ROANOKE, Va. – If there's a will, there's a way. Just ask PGA Tour golfer Lanto Griffin.
"It's been something I've been dreaming about since being a kid. So it's starting to sink in," said Griffin.
The former Blacksburg High School golfer won his first career PGA Tour event over the weekend, the Houston Open. Griffin was calm and his play looked smooth, but his journey to this point has been anything but. His father taught him the game of golf at a young age but died when Griffin was just 12 years old. Despite the tragic loss, Griffin's time on the greens were far from over, thanks to the former head pro golfer at Blacksburg Country Club, Steve Prater.
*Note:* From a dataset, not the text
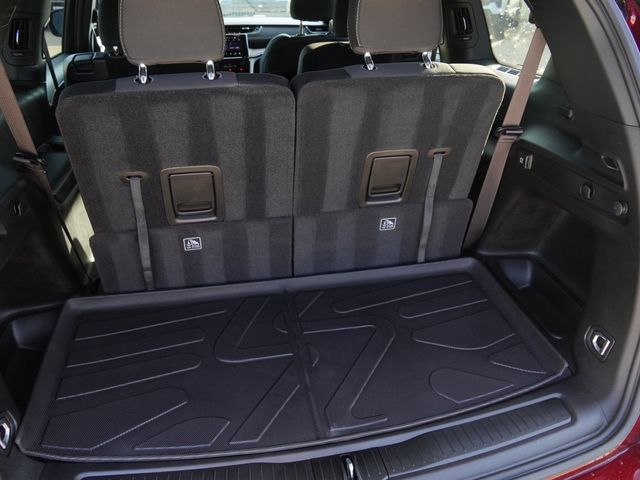 Used 2025 Jeep Grand Cherokee L SUV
"He had a very big passion for the game, and you could tell. It was so sad when his father diad, and I just wanted to help him out," said Prater.
"He gave me a full membership. So having a guy like Steve Prater come into my life the day my dad passed away and take over in a weird way, that changed my life right there," Griffin said.
He seized the opportunity and would later play collegiate golf at Virginia Commonwealth University before turning pro in 2010. Even thn, things weren't the best for the young pro financially, and he found it hard to keep his tour card. But he recalls a local tournament that helped turned things around in 2015.
"You know, when you're in credit card debt and you've got no status at all on any tour, you know picking up that win at the Delta Dental State Open was life-changing at the time," said Griffin.
"Golf is a lot about failure. You're going to fail. It's all about learning how to fail forward and not get down on yourself," said Prater. He now serves as the director of instruction at Roanoke Country Club.
Prater said it was never a question of if Griffin would get a PGA Tour win, but rather when.
"There's a lot of us that are close to him that believed he was going to win. It was just when was he going to do it, and you still have to go do it even though you have the ability and talent," Prater added.
He never gave up on the greens, and now Griffin is benefiting on the fairways that life has given him. He's most thankful for the job security that comes with the Houston Open victory, which includes a spot in the 2020 Masters, and the ability to give his mom a special gift in the coming weeks. His words of advice for any young people pursuing to the sport?
"If you think you're working hard, you're probably not working hard enough, and find what works for you," Griffin said.